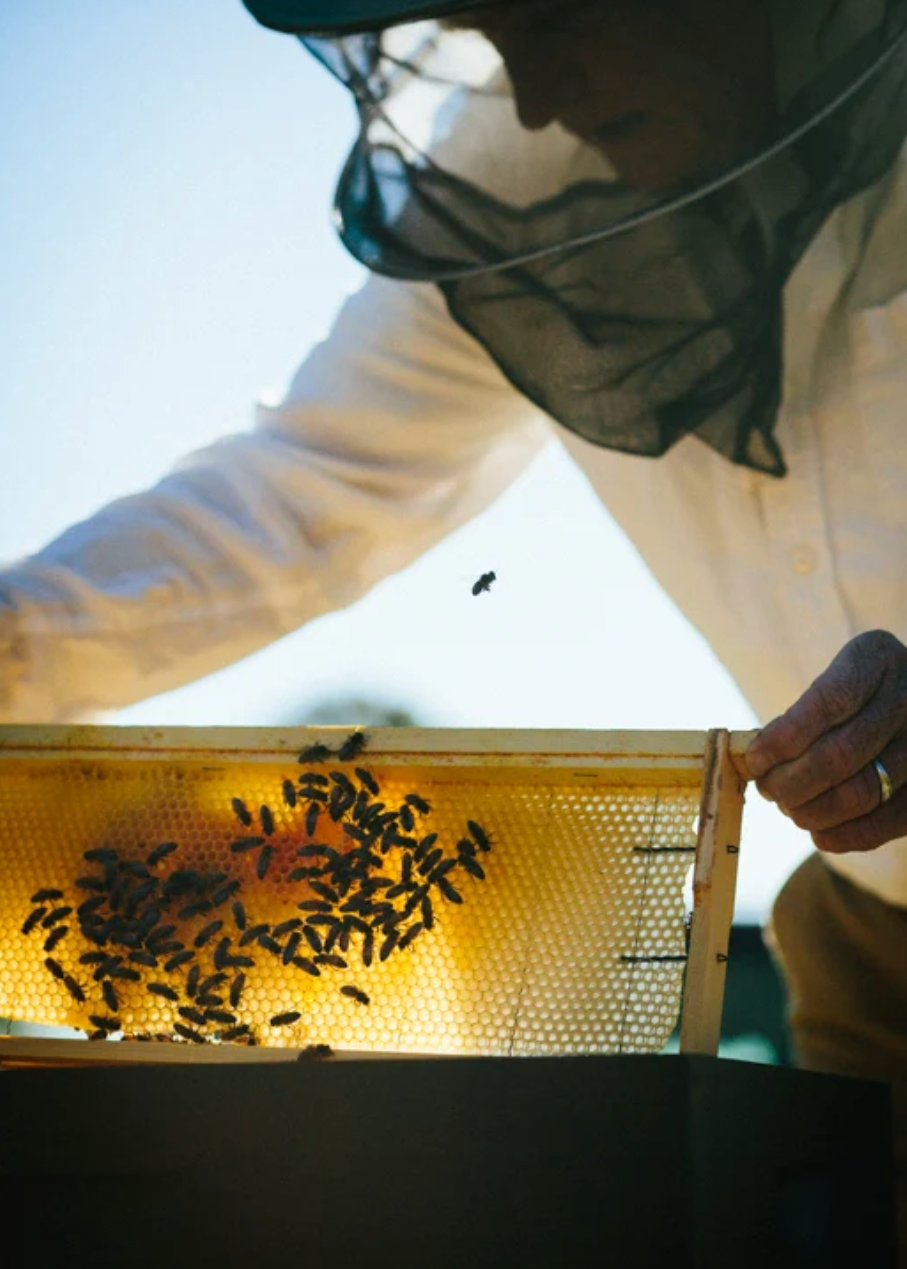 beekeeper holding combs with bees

--

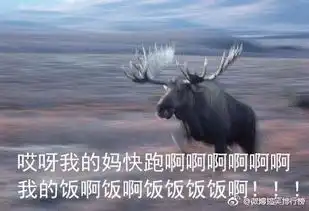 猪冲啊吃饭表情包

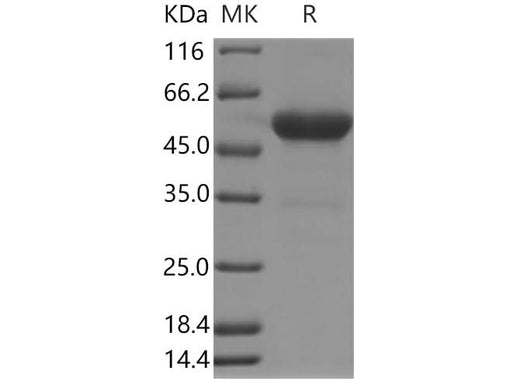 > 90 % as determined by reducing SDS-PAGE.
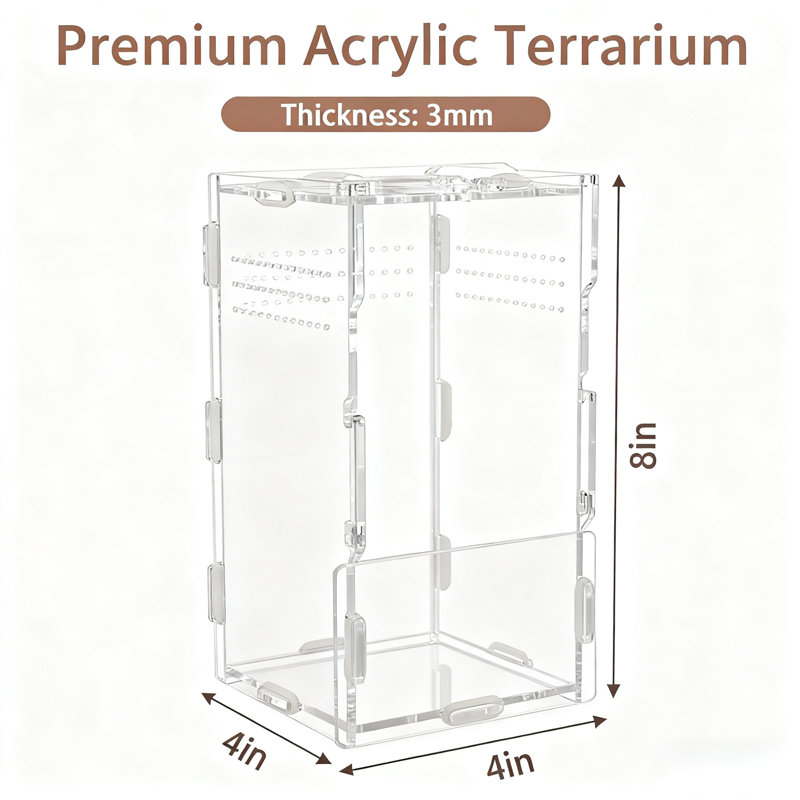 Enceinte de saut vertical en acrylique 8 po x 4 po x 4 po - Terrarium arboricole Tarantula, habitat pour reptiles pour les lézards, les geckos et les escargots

* * *

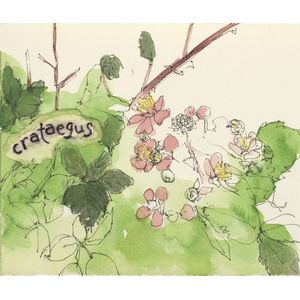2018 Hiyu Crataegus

> [TASK TO CARRY OUT]: Skipping the pictures, print the lines in the listing above exactly as written, starting at the line with "by reducing SDS-PAGE." and ending at the line with "Enceinte de saut", both included.

> [WRITTEN ANSWER]:
 > 90 % as determined by reducing SDS-PAGE.
 Enceinte de saut vertical en acrylique 8 po x 4 po x 4 po - Terrarium arboricole Tarantula, habitat pour reptiles pour les lézards, les geckos et les escargots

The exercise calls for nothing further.